DATA SECTION
****************************************
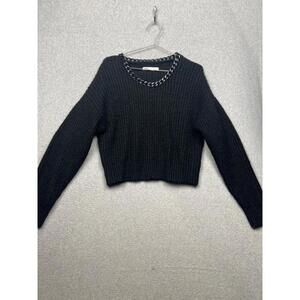 ZARA Knit Alpaca Blend Crop Sweater Chain Collar L Neutral Minimalist Modern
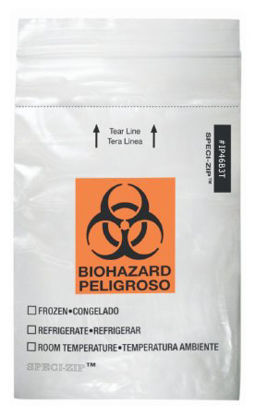 Picture of Biohazard Specimen Bag SPECI-ZIP™ Clear Bag 4 X 6 Inch22310402
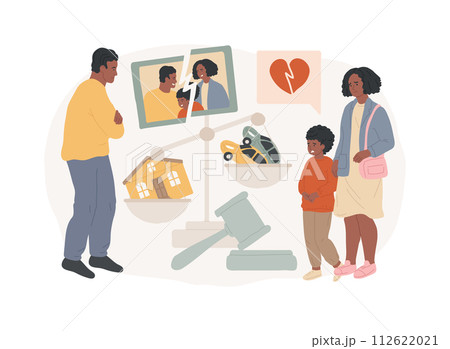 Matrimonial law isolated concept vector illustration. Family law, matrimonial property, child custody, divorce decree, scales of justice, sign document, judges gavel, agreement vector concept. 112622021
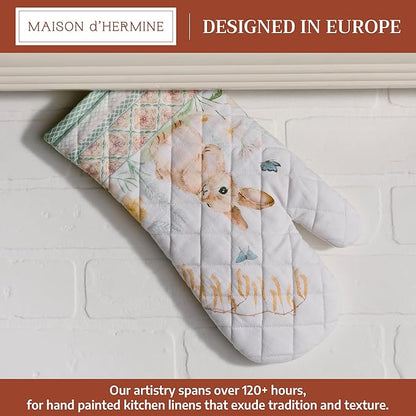 Maison d'Hermine Oven Gloves 100% Cotton Oven Mitt 7" x 13" with Loop Heat Resistant BBQ Cooking Gloves Baking Grilling Kitchen Hotel Home Farmhouse Spring Summer (Pack of 1, Easter Dew)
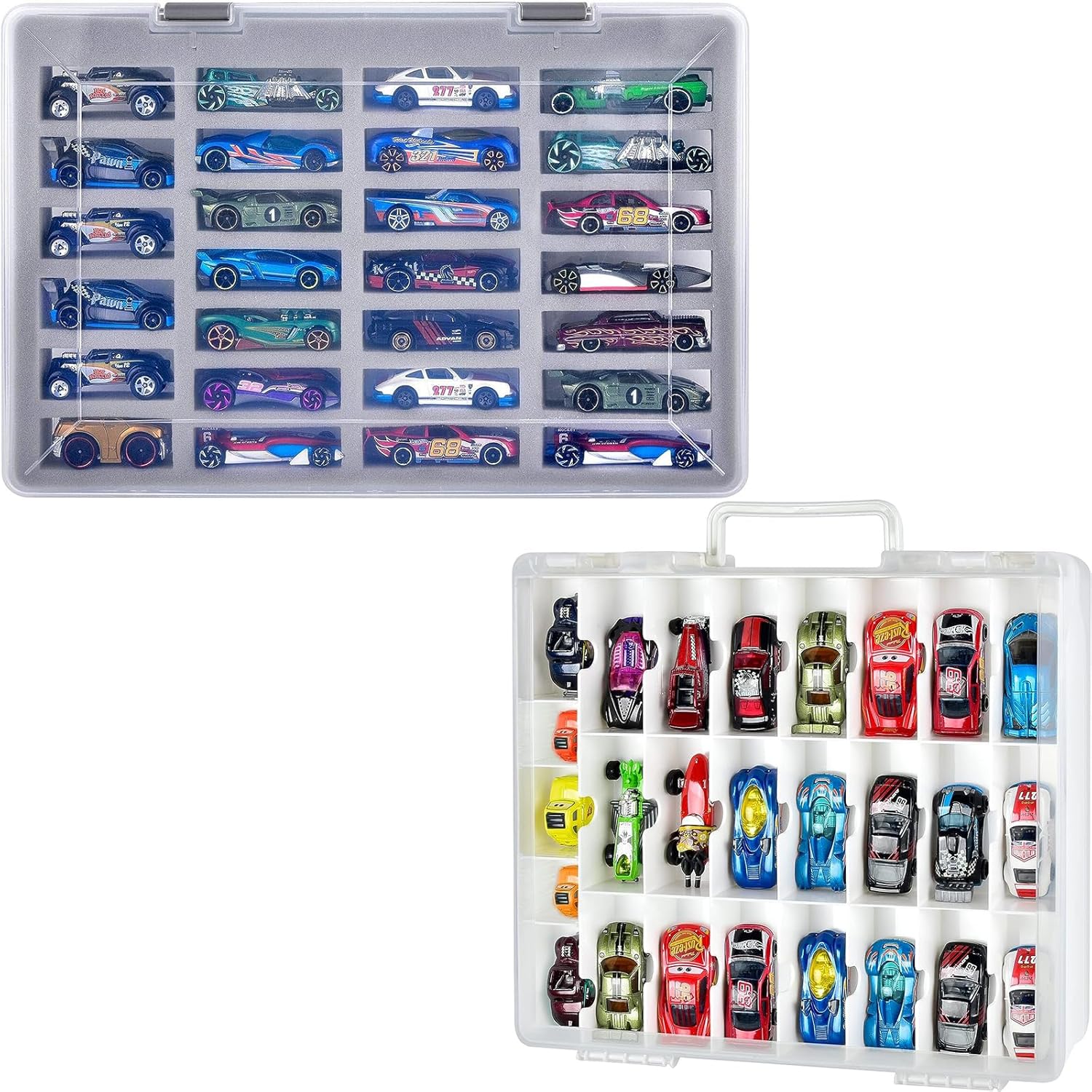 FULLCASE Toys Organizer Storage Compatible with Hot Wheels Car, Container for Matchbox Cars, Mini Toys, Small Dolls (Box Only) - 2 Pack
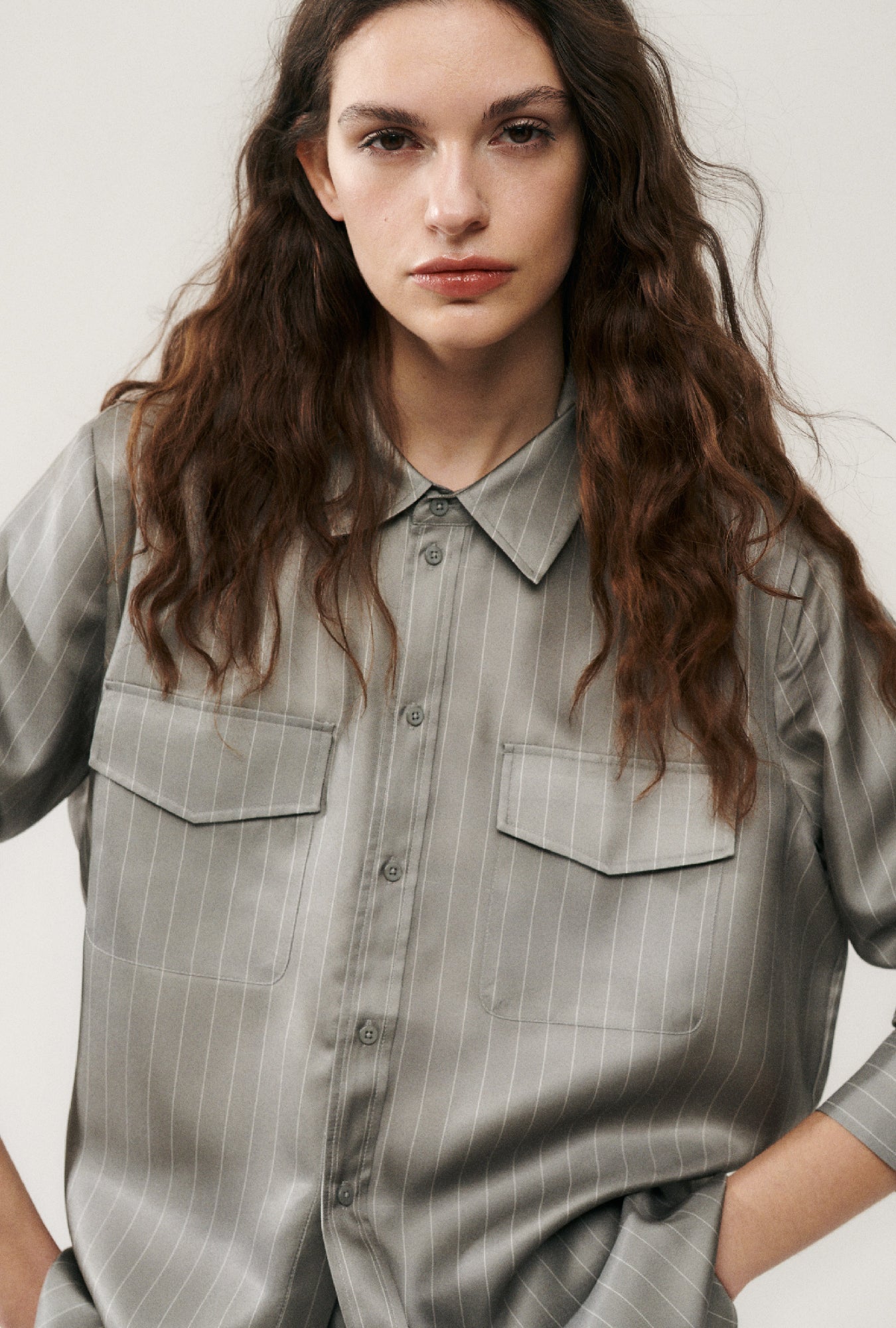 Chemise Boyfriend en sergé à rayures fines Moon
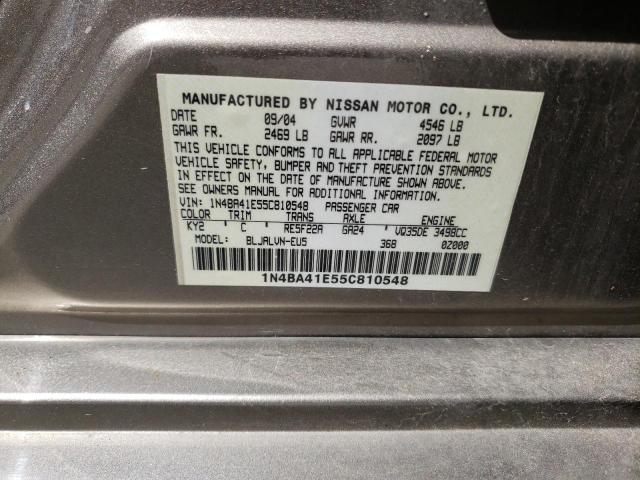 Photo 10 from auction – 2005 NISSAN MAXIMA SE with VIN 1N4BA41E55C810548
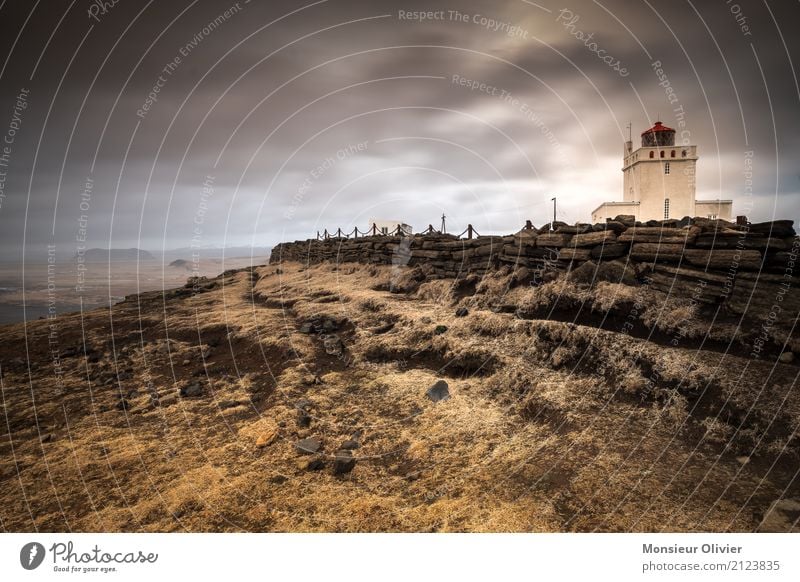 Leuchtturm von Dyrhólaey, Island Turm Mauer braun gelb Abenteuer Freiheit Nostalgie Ferien & Urlaub & Reisen Reisefotografie Außenaufnahme Landschaft Natur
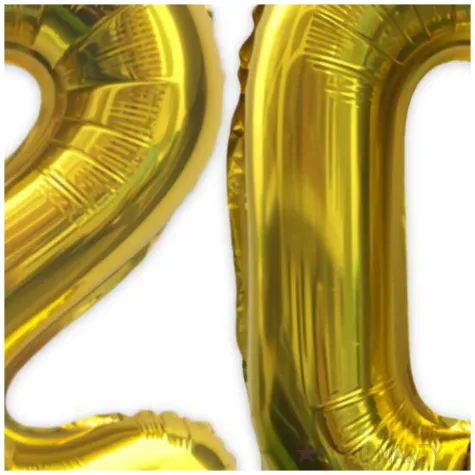 zestaw balonow foliowych liczba 20 zloty 15 dgt 2 szt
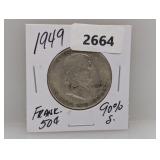 1949 90% Silv Franklin Half $1 Dollar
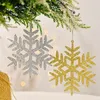 4 st / set Julhängande dekorationer Glitter Snowflake Xmas Tree Pendant Ornaments för nyår bröllop XBJK2107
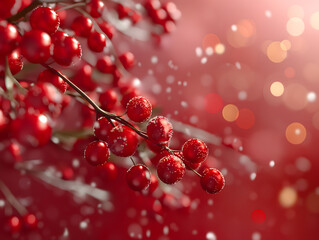 Canvas Print - Red Berries with Snowflakes on Festive Bokeh Background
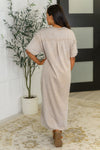 Hazel Blues® |  Soft But Savage Casual T-Shirt Dress in Beige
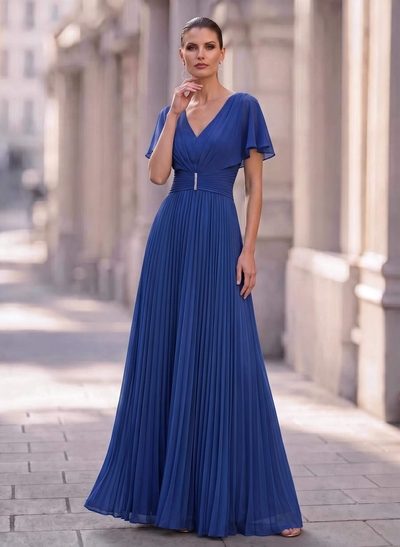 Long Chiffon Pleated Short Sleeves Evening Dresses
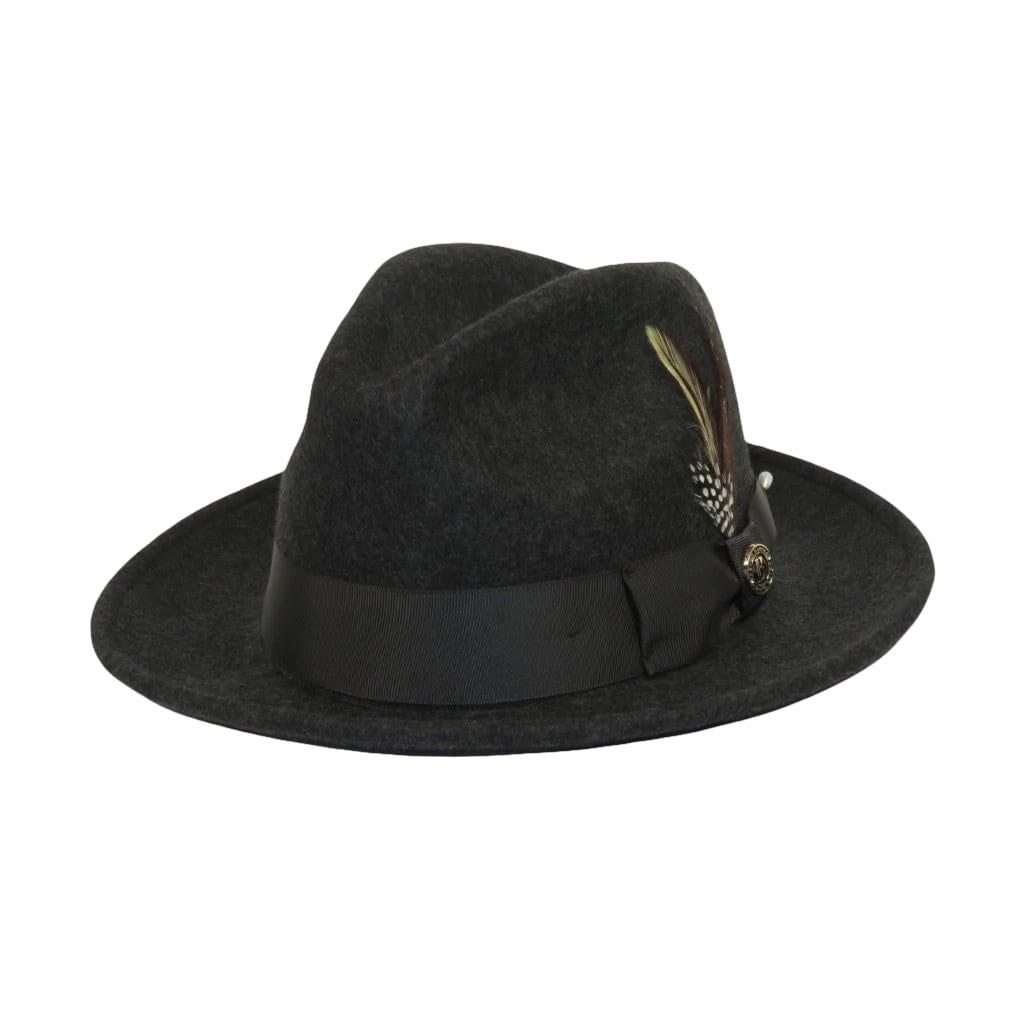 Men Bruno Capelo Hat Australian Wool Fedora EXECUTIVE EX329 Charcoal Gray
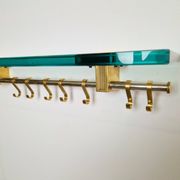 Brass and Glass R14G Wall-Mounted Coat Rack from Peter Ghyczy, 1980s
****************************************
In repeating the entries, exclude the pictures and alter nothing else.

 ZARA Knit Alpaca Blend Crop Sweater Chain Collar L Neutral Minimalist Modern
 Picture of Biohazard Specimen Bag SPECI-ZIP™ Clear Bag 4 X 6 Inch22310402
 Matrimonial law isolated concept vector illustration. Family law, matrimonial property, child custody, divorce decree, scales of justice, sign document, judges gavel, agreement vector concept. 112622021
 Maison d'Hermine Oven Gloves 100% Cotton Oven Mitt 7" x 13" with Loop Heat Resistant BBQ Cooking Gloves Baking Grilling Kitchen Hotel Home Farmhouse Spring Summer (Pack of 1, Easter Dew)
 FULLCASE Toys Organizer Storage Compatible with Hot Wheels Car, Container for Matchbox Cars, Mini Toys, Small Dolls (Box Only) - 2 Pack
 Chemise Boyfriend en sergé à rayures fines Moon
 Photo 10 from auction – 2005 NISSAN MAXIMA SE with VIN 1N4BA41E55C810548
 Leuchtturm von Dyrhólaey, Island Turm Mauer braun gelb Abenteuer Freiheit Nostalgie Ferien & Urlaub & Reisen Reisefotografie Außenaufnahme Landschaft Natur
 zestaw balonow foliowych liczba 20 zloty 15 dgt 2 szt
 1949 90% Silv Franklin Half $1 Dollar
 4 st / set Julhängande dekorationer Glitter Snowflake Xmas Tree Pendant Ornaments för nyår bröllop XBJK2107
 Canvas Print - Red Berries with Snowflakes on Festive Bokeh Background
 Hazel Blues® |  Soft But Savage Casual T-Shirt Dress in Beige
 Long Chiffon Pleated Short Sleeves Evening Dresses
 Men Bruno Capelo Hat Australian Wool Fedora EXECUTIVE EX329 Charcoal Gray
 Brass and Glass R14G Wall-Mounted Coat Rack from Peter Ghyczy, 1980s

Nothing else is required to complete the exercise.